Krister sale le scale, si affaccia nella camera del figlio. Tentenna, esita. Non dice una parola. Poi entra. Il ragazzo è steso a letto. C’è sangue sulle coperte, sui suoi abiti. Il papà aveva tentato di uccidere anche lui, ora è chiaro. Ecco per chi erano quei due sacchi comprati al negozio. Ma il piccolo non è morto. E sembra non sapere o credere che sia stato il padre a fargli del male. Avrà passato ore di agonia atroci. Poi ha sentito la presenza del padre in casa e ha gridato con tutto il fiato che avevo in corpo «papa!».
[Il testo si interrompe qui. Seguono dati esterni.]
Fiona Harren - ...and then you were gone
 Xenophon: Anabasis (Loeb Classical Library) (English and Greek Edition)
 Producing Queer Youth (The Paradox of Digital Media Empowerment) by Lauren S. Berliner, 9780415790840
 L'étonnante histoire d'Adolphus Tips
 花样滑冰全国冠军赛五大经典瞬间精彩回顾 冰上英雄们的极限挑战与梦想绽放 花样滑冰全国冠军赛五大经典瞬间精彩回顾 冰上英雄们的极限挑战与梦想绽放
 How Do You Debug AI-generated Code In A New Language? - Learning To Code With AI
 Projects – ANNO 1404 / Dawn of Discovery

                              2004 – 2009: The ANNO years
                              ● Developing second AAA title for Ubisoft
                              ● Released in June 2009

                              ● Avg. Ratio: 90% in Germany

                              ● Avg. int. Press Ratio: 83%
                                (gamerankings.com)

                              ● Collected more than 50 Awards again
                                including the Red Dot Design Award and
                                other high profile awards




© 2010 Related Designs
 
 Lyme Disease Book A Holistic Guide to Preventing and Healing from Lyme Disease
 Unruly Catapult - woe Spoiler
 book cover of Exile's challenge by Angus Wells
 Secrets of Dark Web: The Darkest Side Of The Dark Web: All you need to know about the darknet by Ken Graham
Krister guarda suo figlio, poi lo prende ed esce di casa, lo carica in auto e corre all’ospedale.
 
Andrà tutto bene.
Non è successo niente.
Voi non capite. Voi non capite.
Cosa avrei dovuto fare?

 
La corsa in ospedale. Istanti e istantanee di una giornata che non è nient’altro che una discesa libera nell’abisso di un’anima di un uomo che ha ucciso a coltellate la moglie e che ha tentato di uccidere suo figlio. È davvero inquietante e tremendo vedere il volto di Krister sempre con la stessa espressione, che mantiene anche nei momenti in cui la tempesta emotiva raggiunge vette insostenibili.
 
Ma non sapremo mai perché l’ha fatto. Abbiamo solo suggestioni, timori, indizi di una crisi esistenziale che verosimilmente ha radici profonde, perché non è stato un raptus estemporaneo. Perché la rabbia di cui parla Apan è quella del maschio contemporaneo, probabilmente, credo sia una lettura plausibile. Allora quel senso di colpa e di frustrata emozione sono i sintomi – le metafore e le manifestazioni – di paure e desideri repressi, di sogni e fantasie spezzati, inespressi, sopiti, soffocati dalla quotidianità, dal dovere, da atti di routine e normalità. La “disfunzione” maschile, la crisi epocale del padre, la dimensione e l’interpretazione del ruolo paterno sulla soglia di una ridefinizione catastrofica, la frattura psicologica dell’uomo postmoderno: tutto ciò trova sostanza in una trama frammentata, in un racconto sconnesso, in dialoghi privi di significato, in cui il senso ultimo di ogni cosa sembra essere la volontà (o il desiderio o il bisogno) di non ammettere di essere ciò che invece si è.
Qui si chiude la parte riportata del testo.